DS2 (10mo) not settling at nursery - help!(8 Posts)
He's had about 9 visits and he just cries and is quite upset the whole time . He's only got another couple of visits until I'm back at work. The longest I've left him is about 1.5 hours. The staff say he's getting a bit better because he's thinking about playing with toys but still crying.
Any advice? He's going to be there two days a week from 6th Oct.
I'm thinking of doing half days for the first week but I'm concerned that will just involve him crying for 4 hours.
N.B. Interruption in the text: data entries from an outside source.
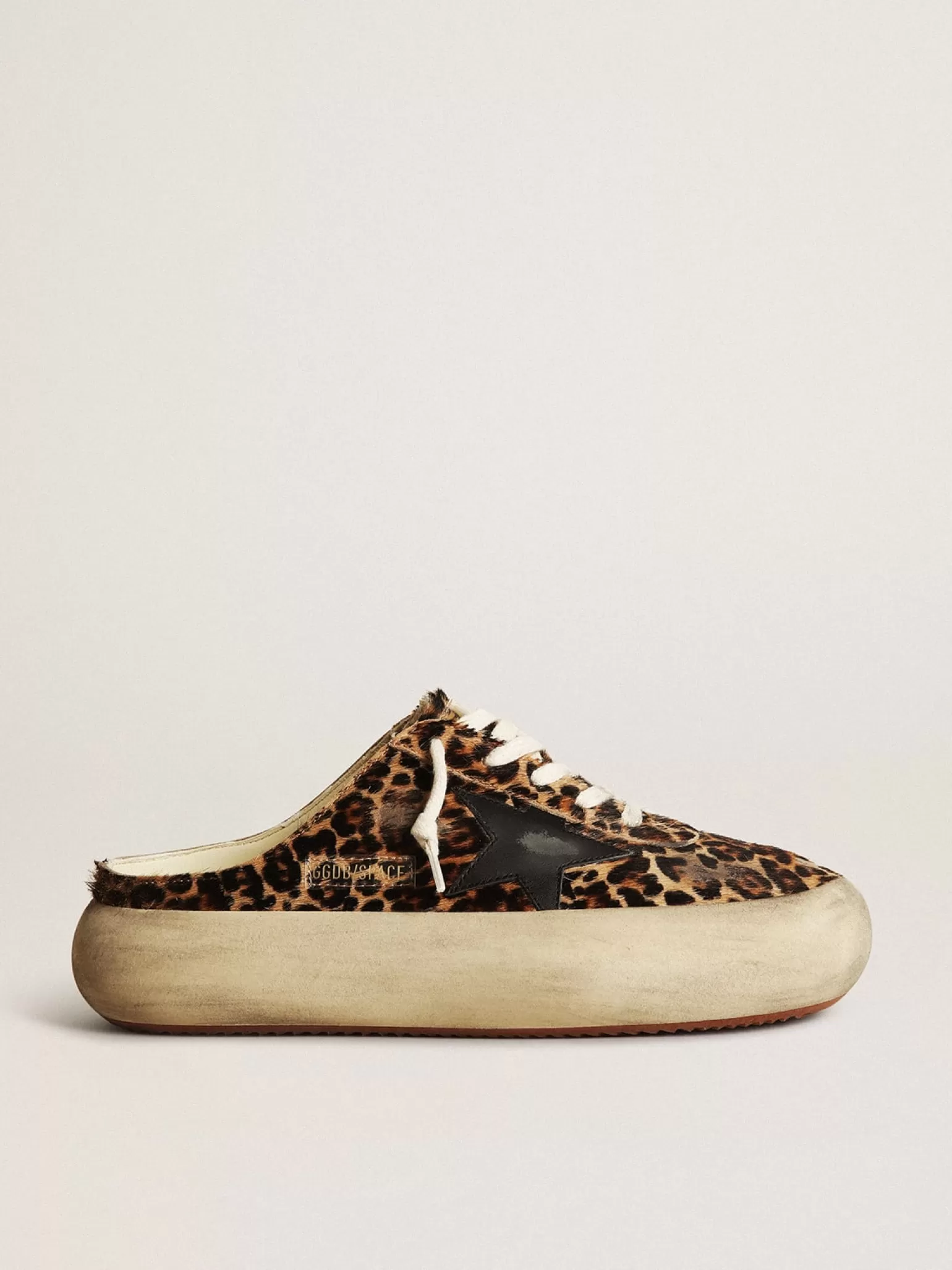 Flash Sale Mule Space-Star feminino de cavalinho leopardo e estrela preta MULHER Space-Star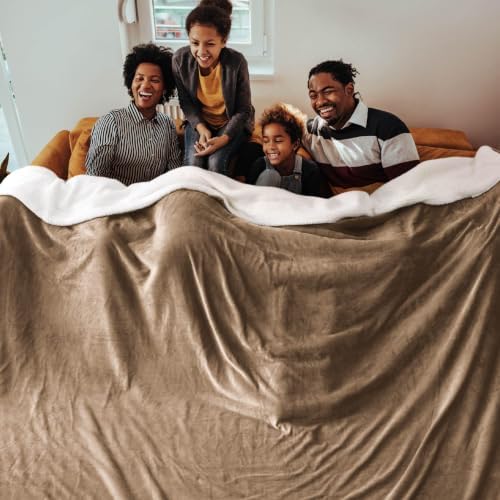 Bedsure GentleSoft Sherpa Fleece Cal King Blankets for Bed, Non-Heated, Thick and Warm Oversized Throw for Women and Men, Soft Fuzzy Plush Large Blanket for Winter, Camel, 112x98 Inches - Image 2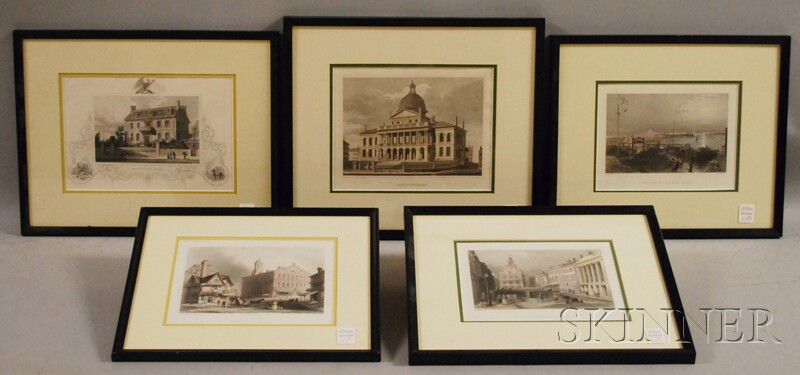 Appraisal: Five Framed Hand-colored Engravings of Boston three William H Bartlett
10 months old is classic separation anxiety age. My advice is to keep at it. It does take time for them to get used to their carers and nursery settings. My DS started nursery at 11 months. We did settling in for 2 weeks and he pretty much was in tears most of the time. After I started work full-time and he was in nursery all day, he was quite tearful and had to be cuddled and have one-on-one most days and he would cry when he sees me. It was hard! But he is now 19 months old and loves nursery. When I go pick him up, he runs over to give me a cuddle and then runs off to play. I have difficulty convincing him to come home most days (have to bundle him screaming and crying into the car )! If you have faith in the nursery, then I would keep at it. In my experience, it is better to just leave him (if the staff are happy to deal with him and call you if they feel he is getting too upset) than stay with him for a little while as that lures them into a false sense of security and they get even more upset when you do leave. Have little routine - tell your DS you love him and you will be back later to pick him up and give him a kiss and leave... Good luck! It was very hard but I am so glad we persevered.
angel1976 Thanks for that. I guess I will just have to do it and he will get used to it. We must have been visiting for 6 weeks now and haven't really made any progress.
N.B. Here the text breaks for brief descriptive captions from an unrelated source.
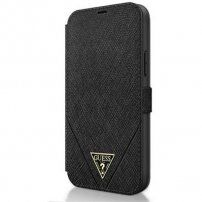 Guess Saffiano V Stitch Book pokrowiec flip do iPhone 12 / 12 Pro - czarne
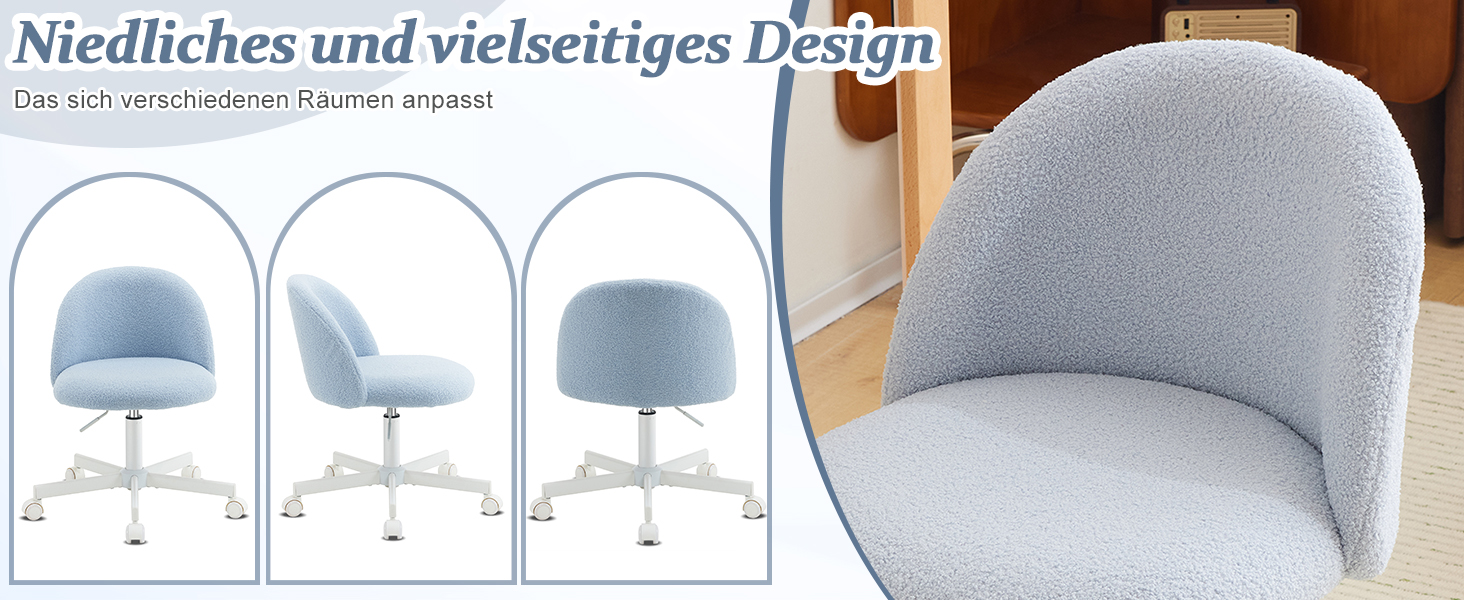 Офісне крісло Bonnlo з роликами, крісло для туалетного столика, регульоване по висоті, для робочого кабінету, спальні, home office, з м'якої тканини Teddy, біле (світло-блакитне)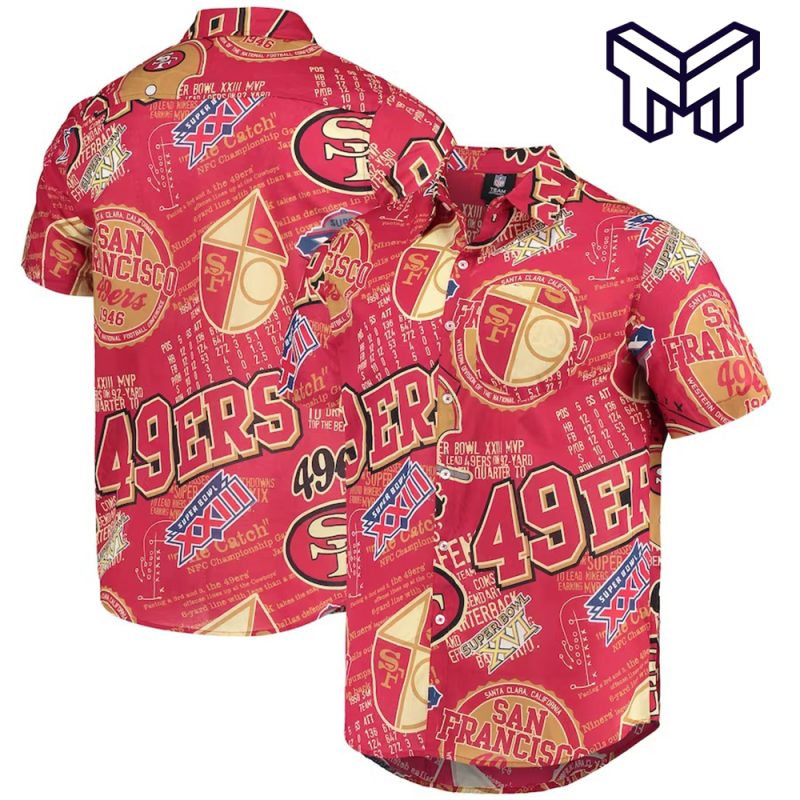 NFL San Francisco 49ers Hawaiian Scarlet Hawaiian Shirt And Short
Are you with him during the time he is in there? I only asked because I wanted a two-week settling in period (as opposed to most nurseries that only do one week) because I thought that would ease the transition for DS. In fact, I think it did the opposite. It was only when I was forced to leave him there (had to go to work!) for longer periods without me there that he seemed to make progress in settling in. I know it seems hard but he is little and he won't remember.
We went on holiday recently for 2 weeks and we left DS in the kids' club for two hours a day. This time we were fairly strict with ourselves. We spent some time with him in the kids' club on the first day to make sure we and DS were happy with his carers and surroundings. After that, we just left him every morning with a kiss, a goodbye and the promise to come back. He cried on and off for the first week but was happy by the second week. Good luck!
The 9ish visits he's had have been spread over 5 weeks and recently I've been leaving him for an hour or so. I think it will take leaving him for a fair length of time before he'll make any progress but I don't think I can bring myself to do that until I have to (i.e. when I'm back at work). I'm starting to really dread my first few days at work.
Thanks for your thoughts angel1976
runnervt - I get where you are coming from... My friend started her two DDs in the nursery attached to her work at around the same time. They had a very strict settling in schedule for the week before they start full-time. It looked something like this:
Day 1 - Parent stay with child for an hour in nursery
Day 2 - Parent to stay with child for an hour and to leave child for an hour (while they stay in other room)
Day 3 - Child to do half day while parent goes off somewhere nearby where they are contactable and able to collect child if child is very upset
Day 4 - Child to stay for half day with lunch
Day 5 - First full day
In a way, I think that's harsher but it does work a lot better in settling your child faster. Before DS started nursery, lots of people already said to me it would be easier to settled DS if he did 4 full days a week as opposed to 2 days a week spread out... And it's very true! Take care, you do what you are comfortable with!